Available data:
Segment Open
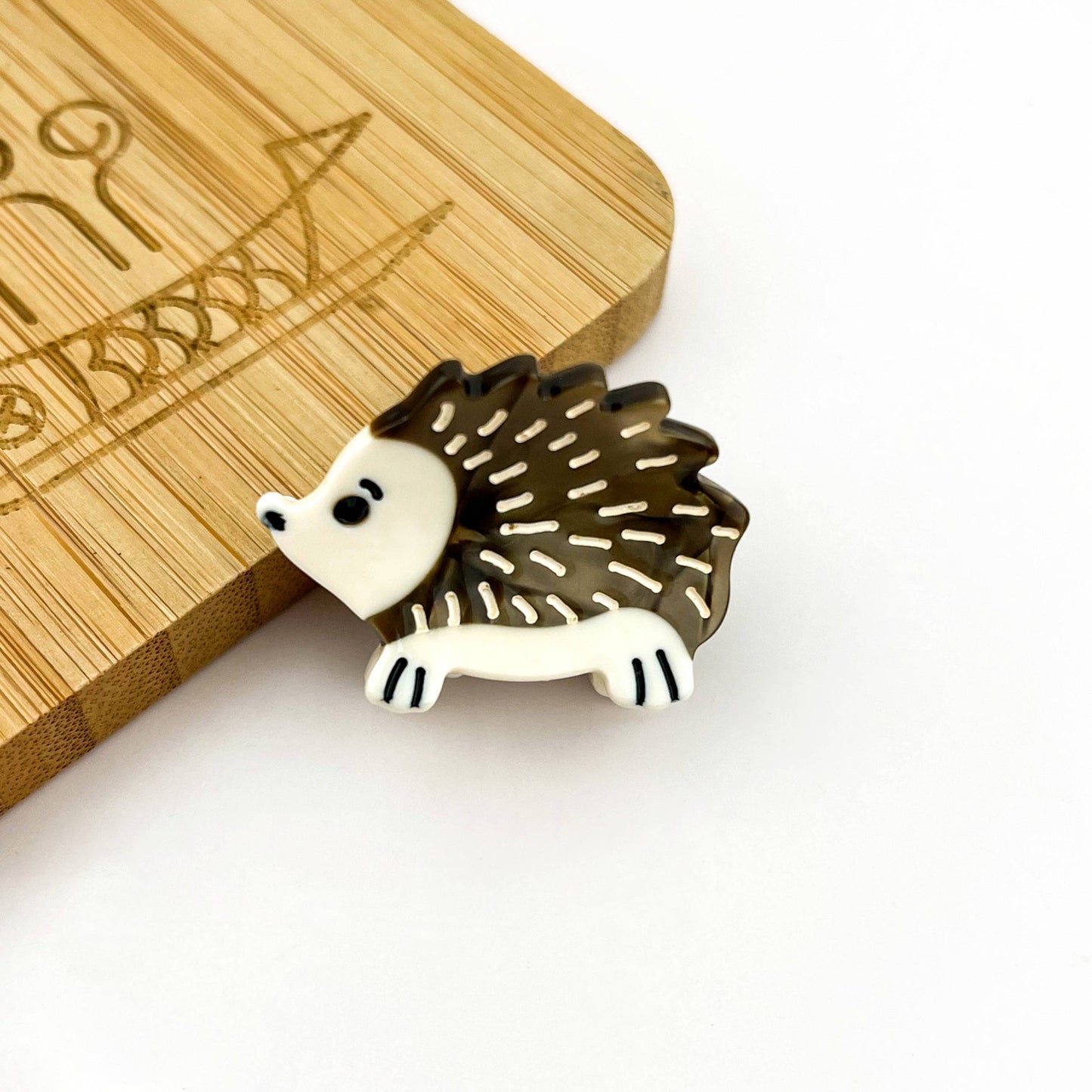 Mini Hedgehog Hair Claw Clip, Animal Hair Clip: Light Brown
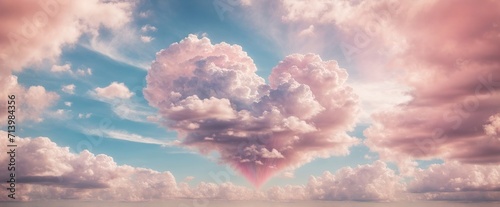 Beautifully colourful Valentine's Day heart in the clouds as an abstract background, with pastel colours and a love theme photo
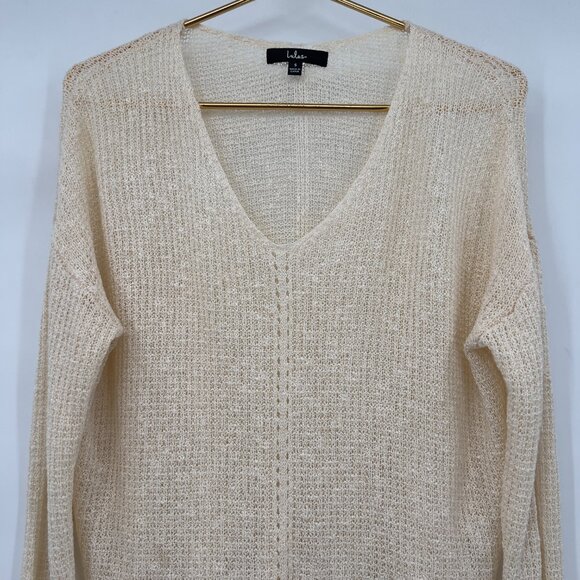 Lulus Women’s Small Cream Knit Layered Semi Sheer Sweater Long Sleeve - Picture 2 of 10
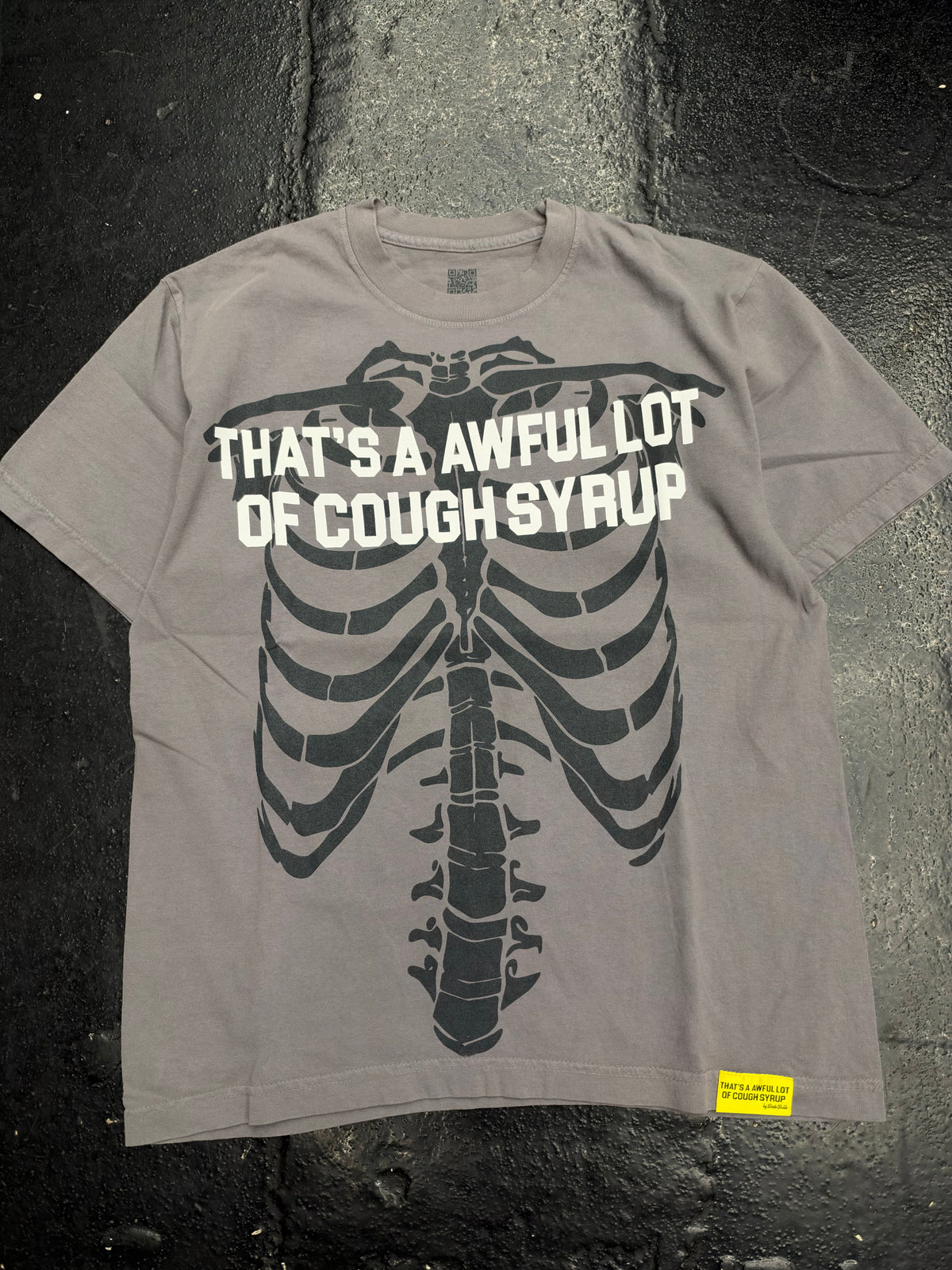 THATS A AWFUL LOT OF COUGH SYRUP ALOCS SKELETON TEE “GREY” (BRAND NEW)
Segment Closed
What you will do:
I would like the exact lines from the data above, starting with the one that holds "Beautifully colourful Valentine's" and going on through the one that holds "Lulus Women’s Small", without the pictures.

Answer box:
 Beautifully colourful Valentine's Day heart in the clouds as an abstract background, with pastel colours and a love theme photo
 Lulus Women’s Small Cream Knit Layered Semi Sheer Sweater Long Sleeve - Picture 2 of 10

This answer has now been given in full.